LSU EE 7700-1 -- CA Research Methods -- Spring 2006
Processor Idea Evaluation
Evaluate Three Things
System Performance: performance of whole system.
Idea Performance: performance of idea, ignore rest of system.
Concept Performance: is it really working? Is it reaching its full potential?
System Performance
Goal: Estimate improvement in overall system performance.
Performance Measures
Execution time.
Most common.
Reported as speedup over a base system.
Power
Energy
System Variations
Base: A typical system.
Idea: System with new idea. Denote execution time t_idea.
Other: System with similar or competing research ideas.
Denote execution time of these systems, t_base, t_idea, and t_other.
Speedup of idea: t_base / t_idea.
Base System Choice
Goal:
A typical system that will be in use when your idea can be manufactured.
Practice (what's done):
As much of ideal as possible but...
reasonably close to what others in the literature simulate.
System Variation Experiments
Show how much better than Base and Others.
But don't show:
If it works on different configurations.
Why and how well it is working.
System Configuration Experiments
Show if idea is sensitive to configuration (performs better on some).
Vary configuration parameter that idea might be sensitive to (see examples).
Plot or list speedup v. configuration parameter (e.g., cache size).
System Configuration Experiments Example - Branch Prediction
Vary Pipeline Depth
Deeper pipelines increase importance of good branch prediction.
Deeper pipelines interfere with predictor table update...
hurting some predictors.
Vary Cache Size
Smaller caches mean more misses and so branches less important.
That is, smaller caches, less speedup.
Predictor Table Size
Impact on predictor performance is obvious.
Might show that Idea works better at smaller sizes, larger sizes, or all sizes.
System Configurations Typically Tested
Pipeline Depth
The time from when an instruction arrives to when its results are available.
Memory Latency
How long it takes to retrieve something from a memory device.
Cache Size
ROB (window) Size
For dynamically scheduled (out-of-order) processors.
The number of instructions that a processor can handle at once.
Fetch Width, Decode Width, Issue Width
The number of instructions a processor can fetch, decode, or start execution
at once.
A 4-way superscalar processor has a decode width of 4.
Number of Arithmetic and other Functional Units
Idea Size
How much chip area given to idea.

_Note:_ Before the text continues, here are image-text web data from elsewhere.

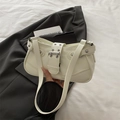 Schicke beige Unterarmtasche im Biker-Stil mit silbernen Nieten und Metallschnalle - Weiß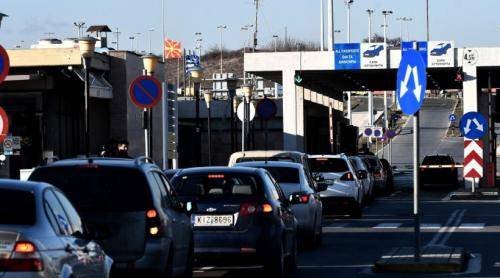 Haos la granița Greciei. Sunt cozi de mașini și autocare cât vezi cu ochii din cauza EES. "Așa va fi toată vara"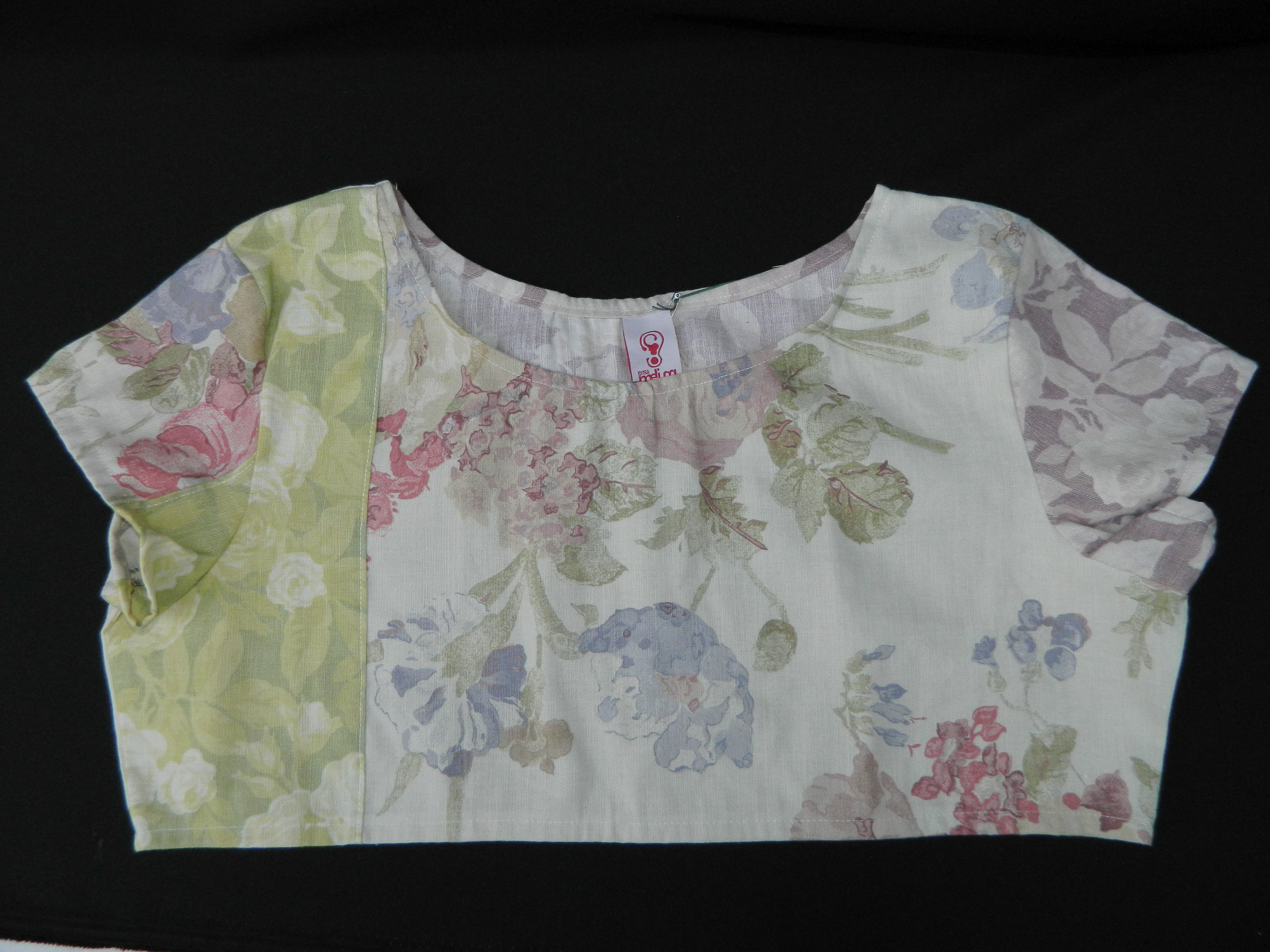 Floral structured crop top
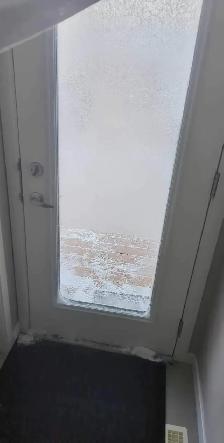 selling-door closing problem, air leak,cracks or gaps we can fi - Photo 6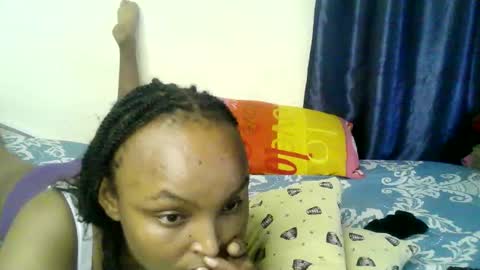 diva_cheupe online show from 04-11-26, 08:35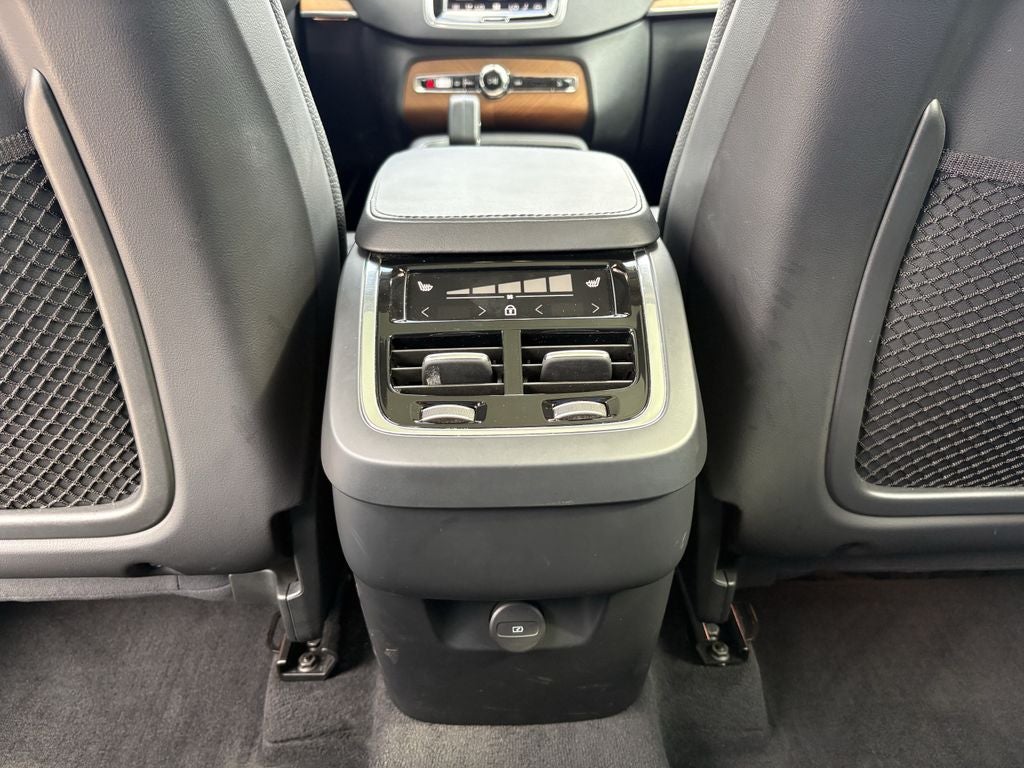 2023 Volvo XC90 B5 Plus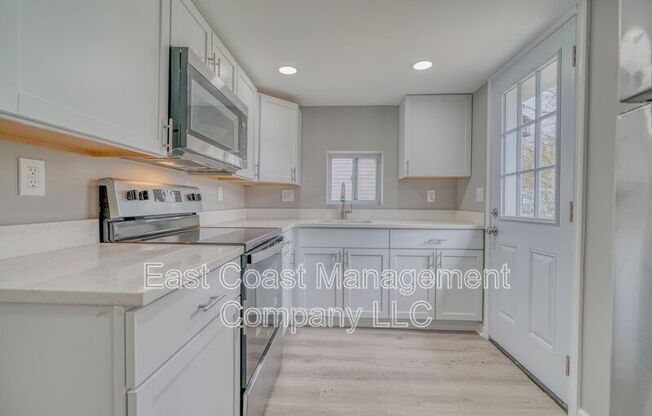 1537 MITCHELL LN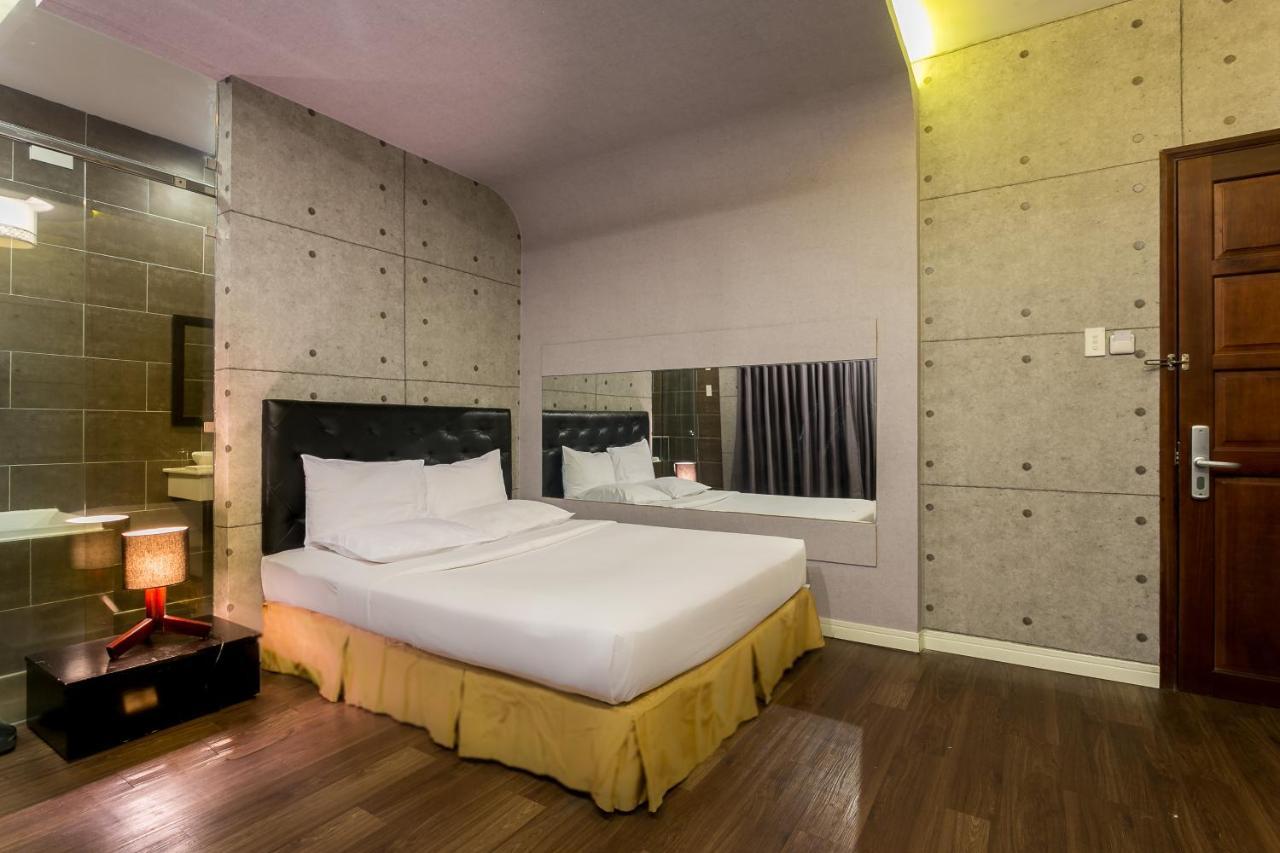 Aha Friday Phan Xich Long Hotel Ho Chi Minh City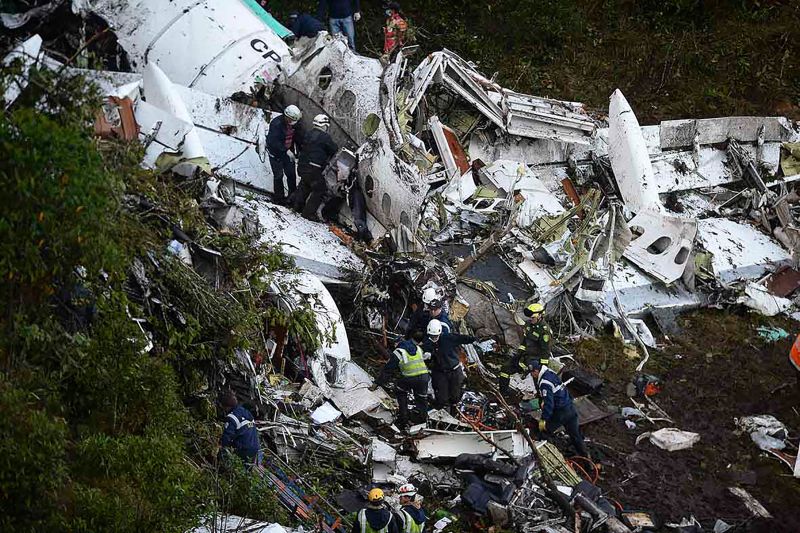 Colombia plane crash 71 dead on Brazil soccer team s charter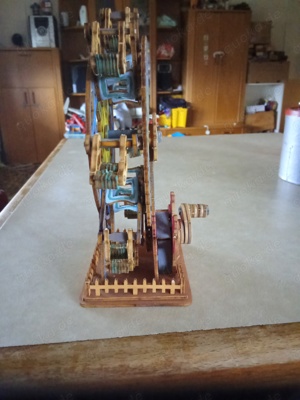 Riesenrad aus Holz 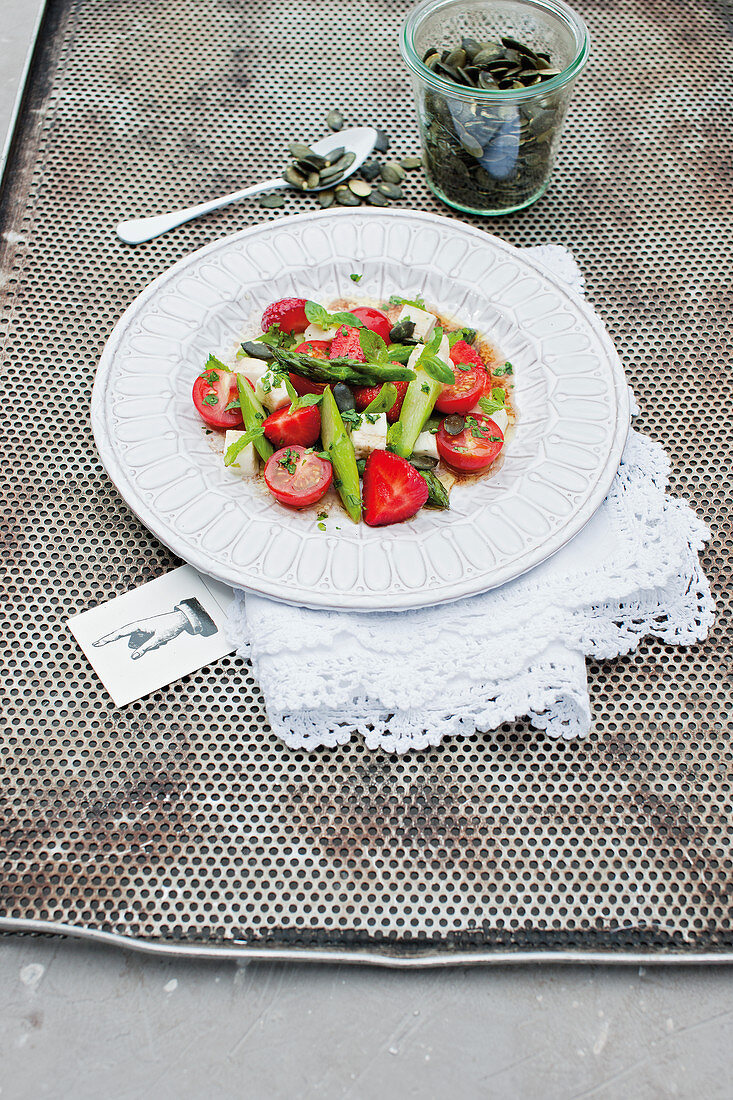 Fruity asparagus salad with strawberries and mozzarella
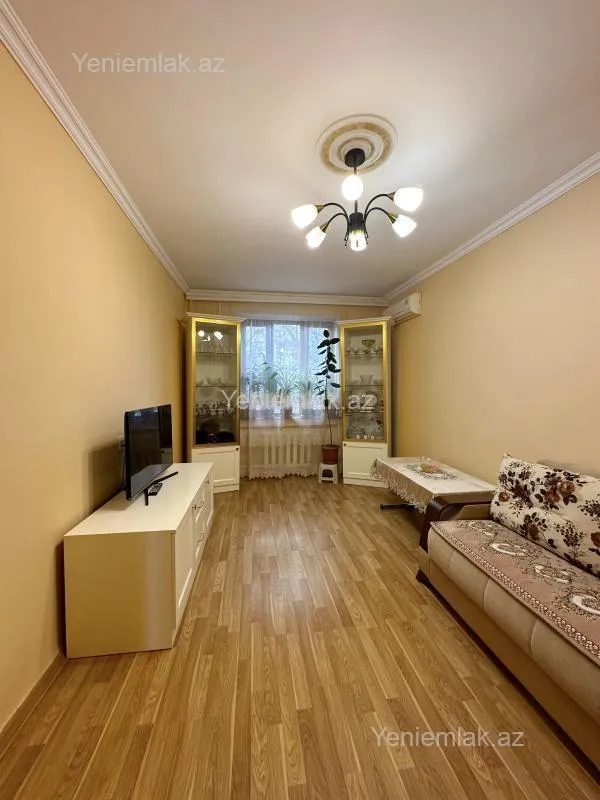 Satılır 3 otaqlı köhnə tikili 80 m²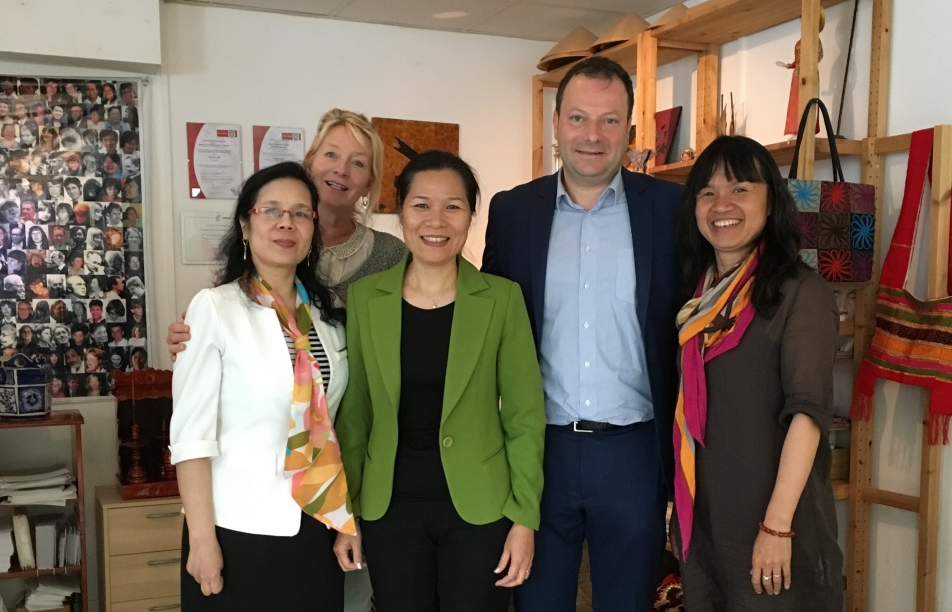 Đại sứ Ngô Thị Hòa gặp làm việc với Ủy ban Y tế Hà Lan - Việt Nam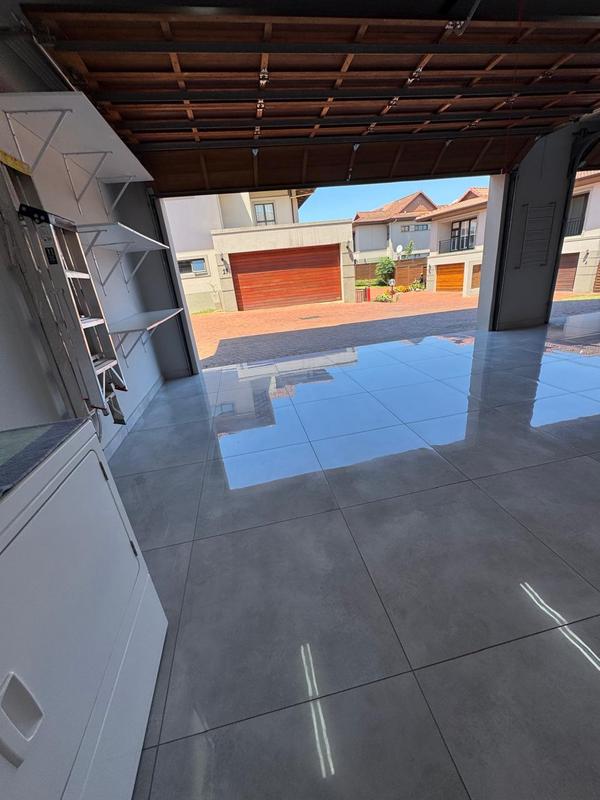 5 Bedroom Property for Sale in Umhlanga KwaZulu-Natal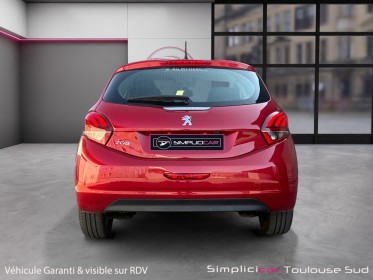 Peugeot 208 82ch bvm5 signature caméra de recul  apple carplay garantie 12 mois occasion simplicicar toulouse sud...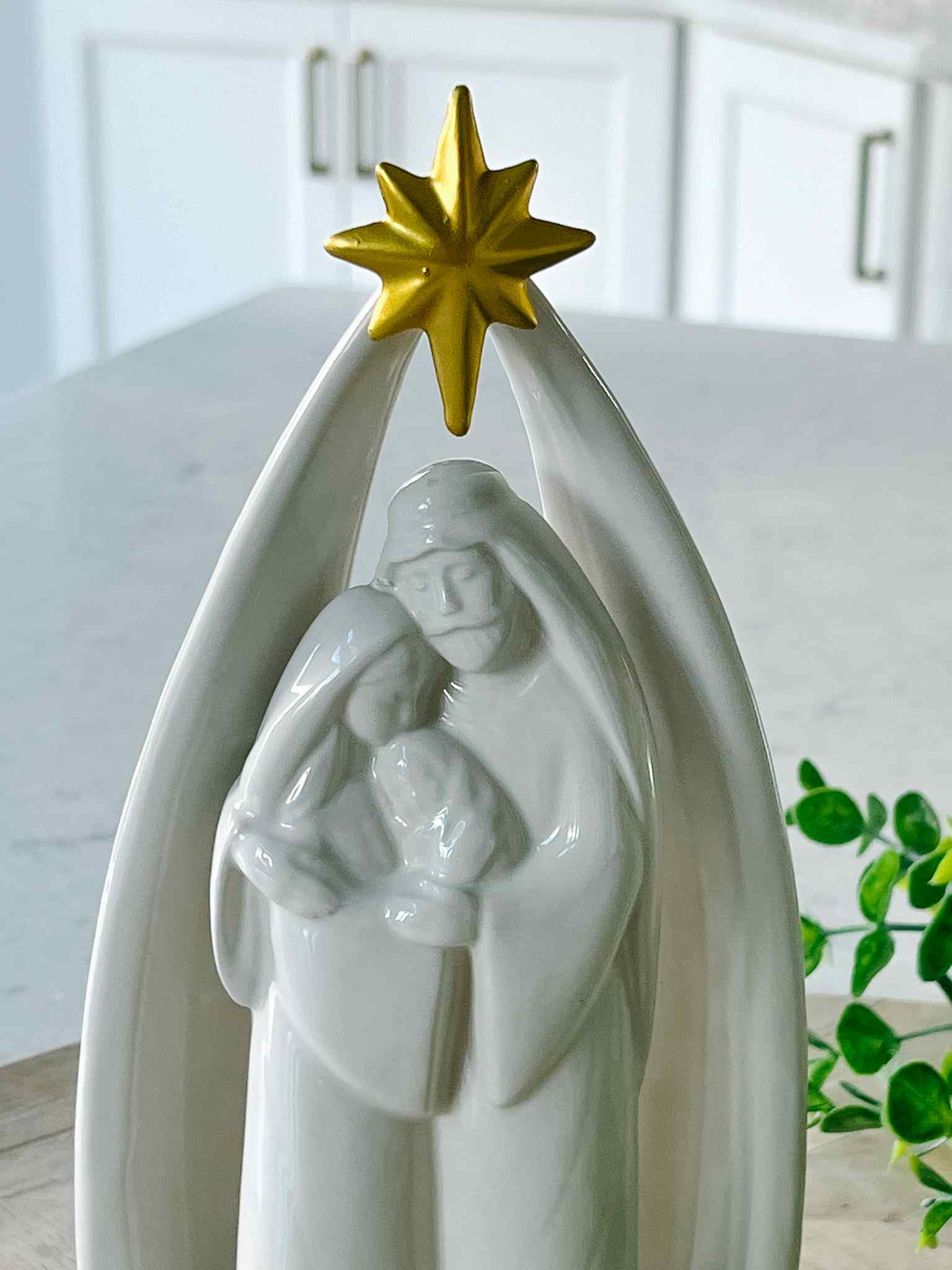 Hand-Painted Ceramic Holy Family Nativity Set - Perfect for Christmas Decor, Home Altar & Gift Giving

Ideally, true area, but often
the number of bits of storage needed for the idea.
Benchmark Sensitivity
Benchmark Choices
Programs "narrow" target users expected to run.
These are programs Idea works well on.
Example: crafty (chess), go (go).
Programs "broad" target users expected to run.
These are large class of programs Idea works well on.
Example: SPECCPU integer programs. (Includes crafty.)
Programs other researchers use. (For comparison.)
Reporting Results
For at least one configuration, show benchmarks individually.
Might separately show results in narrow and broad benchmark set.
Idea Performance
How well does idea, not the whole system, perform.
Can show how well idea solves problem, ignoring how important problem is.
Example - Branch Prediction
Problem: branch mispredictions.
Show branch prediction accuracy.
Example - Cache Designs
Problem: cache misses.
Show cache hit ratio.
Concept Performance
This section for Ideas that strongly depend on program and system behavior.
Does: (Concept performance as described here does apply.)
Branch predictor, cache replacement policy.
Does not: (Concept performance as described here does not apply.)
Faster division hardware.
Improvement in division speed not affected by numbers being divided.
Overall speedup is affected by number of divides in benchmark, but that's system
performance, not concept performance.
Concept
Concept is particular behavior or situation idea targets, and how it is exploited.
Example - Local Predictor
Behavior: Repeating outcome patterns that many branches might have.
Exploitation: Use BHT to remember pattern and PHT to remember outcome.
Concept Performance
How often does behavior occur?
For local predictor, how many branches have repeating patterns?
How well is it handled?
Are they all being predicted?
Measuring Concept Performance
Method 1: (easier)
Use idealized version of idea.
For example, local predictor with unlimited size BHT and large local history.
Method 2: (may be harder)
Modify simulator to detect behavior.
Compare number of times Idea finds behavior to number of times simulator does.